Touadéra doit trouver les formules adéquates pour mettre son pays à l’abri
Cela dit, comment ne pas saluer à sa juste valeur cette hauteur d’esprit d’un homme politique qui a plutôt mis en avant les intérêts de son pays au détriment des siens propres ? C’est clair, il n’a pas voulu qu’on profite de sa destitution pour enflammer un pays qui porte toujours les plaies béantes de guerres civiles. Pour une Centrafrique qui a la mauvaise réputation d’avoir connu trois guerres civiles, la prochaine crise serait vraiment celle de trop et c’est pour cela qu’il faut voir dans l’appel à l’apaisement de Karim Meckassoua, la réaction d’un patriote et d’un homme d’Etat. C’est un comportement qui le grandit et qui rend service à la RCA. En un mot comme en mille, les Centrafricains doivent pouvoir se tourner vers l’avenir en se posant, entre autres questions, celles-ci: Comment restaurer un Etat de droit dans un pays qui a profondément mal à sa sécurité intérieure ? Comment regagner la confiance des investisseurs dans un pays où les armes circulent comme des jouets d’enfants? Comment
construire une nation solide et prospère dans un pays où les clivages ethno-religieux ont affecté les fondements de la République ?

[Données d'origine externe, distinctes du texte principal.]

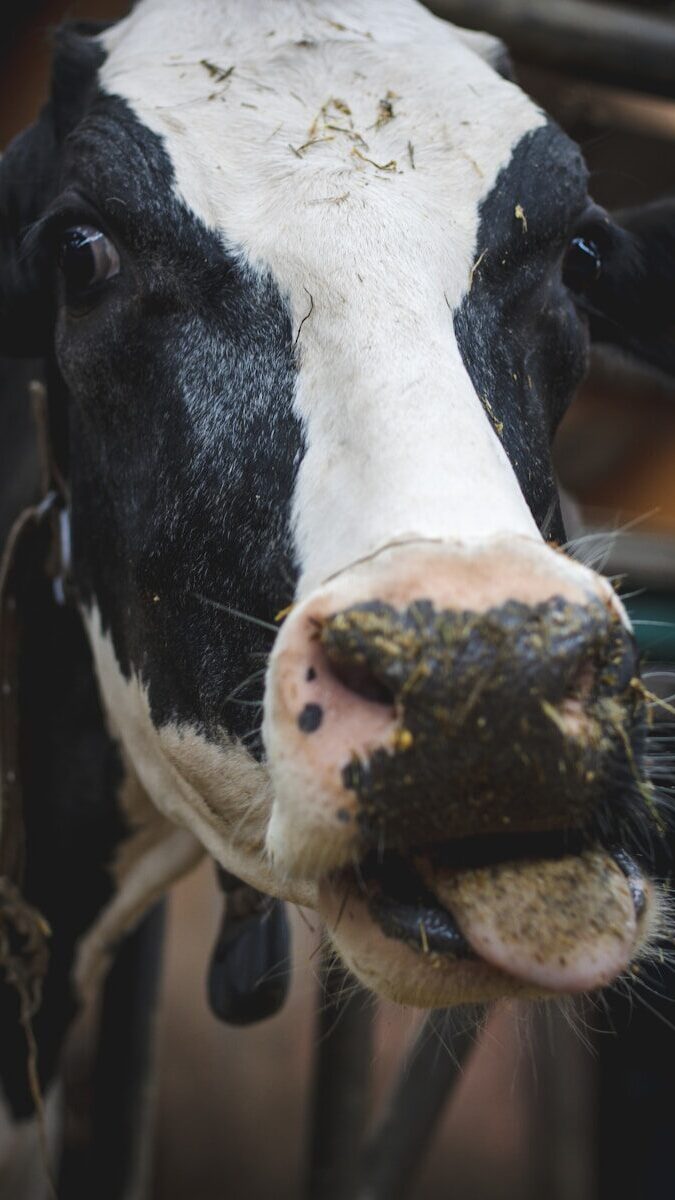a close up of a cow's face and nose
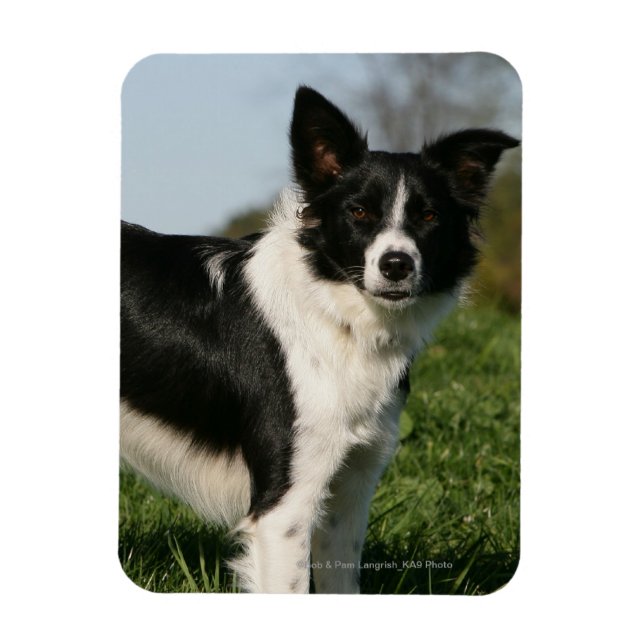 Border Collie Standing Magnet (Vertical)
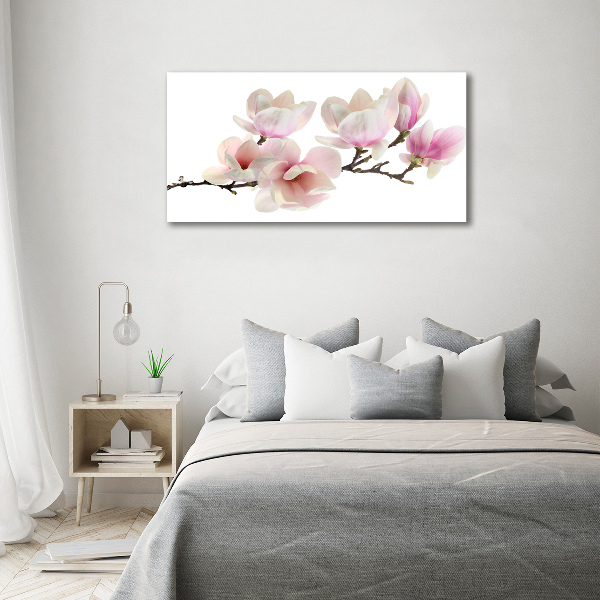 Foto obraz canvas Magnolia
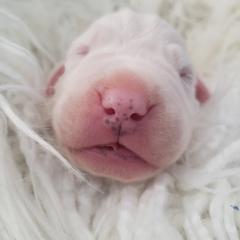"new born Dogo Argentino " Dogo Argentino Puppies from Legend Dogos Dogo Argentinos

Cela dit, si Meckassoua semble indiquer la voie pour un renouveau de la Centrafrique, sans violences en politique, il n’est pas aussi évident que nombre de ses partisans soient dans la même dynamique que lui. Malgré son appel au calme, l’élection de son successeur, hier 29 octobre, aura été tonitruante avec des coups de feu tirés, dans l’hémicycle, par le député Alfred Yekatom, un de ses soutiens. Un autre député, Aurélien Simplice Zingas a, quant à lui, tenté de forcer un barrage de sécurité à l’entrée du parlement. Autant de signes inquiétants. C’est à se demander si la destitution de Meckassoua n’est pas une autre porte qui s’ouvre sur l’enfer. Avis de forte tempête donc sur la RCA. Et le président mathématicien Touadéra se doit de trouver les formules adéquates pour mettre son pays à l’abri. Ou du moins, Archange, l’autre prénom du président, doit beaucoup prier pour la Centrafrique.